Dog lovers are very affectionate with their four-legged companions. A new study from the journal Archives of Oral Biology is cautioning against getting too affectionate. The study found that people and pets exchange harmful mouth bacteria when they kiss.
Researchers in Japan examined dental plaque from 66 dogs. They also examined dental plaque in 81 dog owners. The research found human bacteria in the mouths of dogs and dog bacteria in the mouths of humans. The study demonstrates that germs can spread easily between a human and a dog by kissing. Some of the bacteria that is spread can lead to periodontitis, a severe form of gum disease.

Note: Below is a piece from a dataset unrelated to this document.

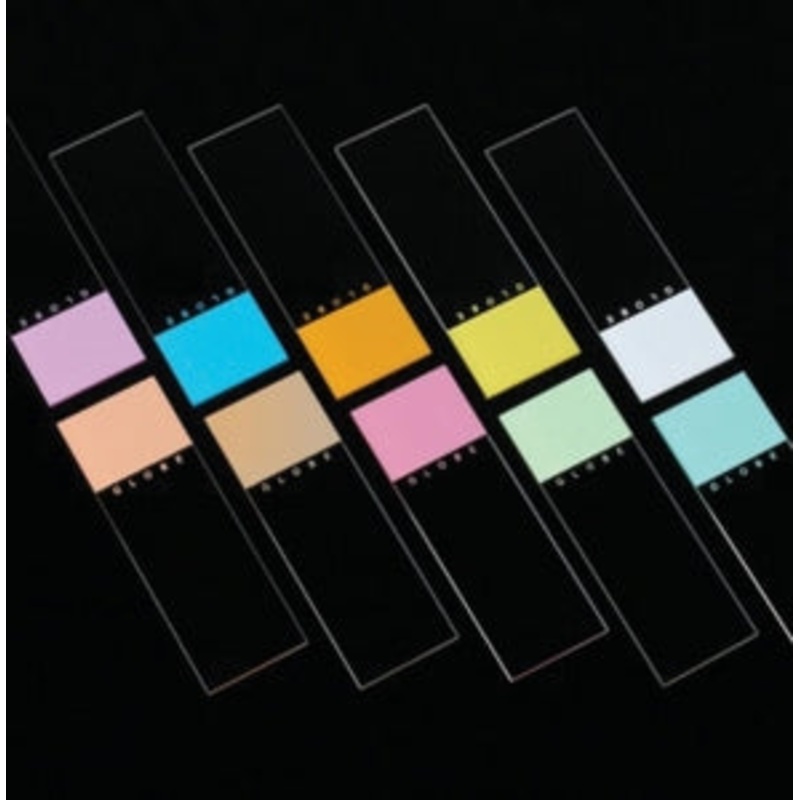 Globe Scientific Diamond Color Coded Microscope Slides – SLIDE, 90DEG, GROUND EDGE, FROST, GREEN – 1380-50G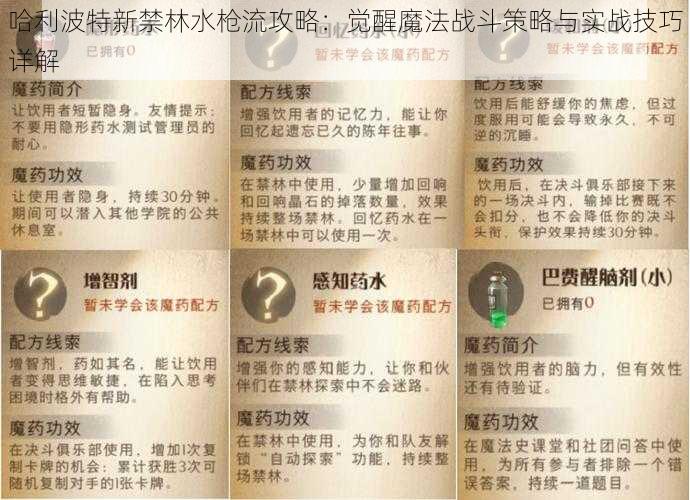 哈利波特新禁林水枪流攻略：觉醒魔法战斗策略与实战技巧详解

In February of 2011 Dr. Paul Maza, co-director of the health center at the College of Veterinary Medicine at Cornell University stated that many of the bacteria in the mouths of dogs is similar to that found in humans’ mouths. He said that, “because most of the bacteria and viruses in a dog’s mouth are the same as in a person’s mouth, it is safe to kiss a dog, just like a person. You can probably catch more from kissing a human than a dog or cat.”
The new study showed that certain bacteria are more prevalent in dogs than in humans and vice versa. It is obvious that germs can be spread to you and your dog when you kiss. The new study reinforces that and encourages dog owners to think twice about kissing their dogs.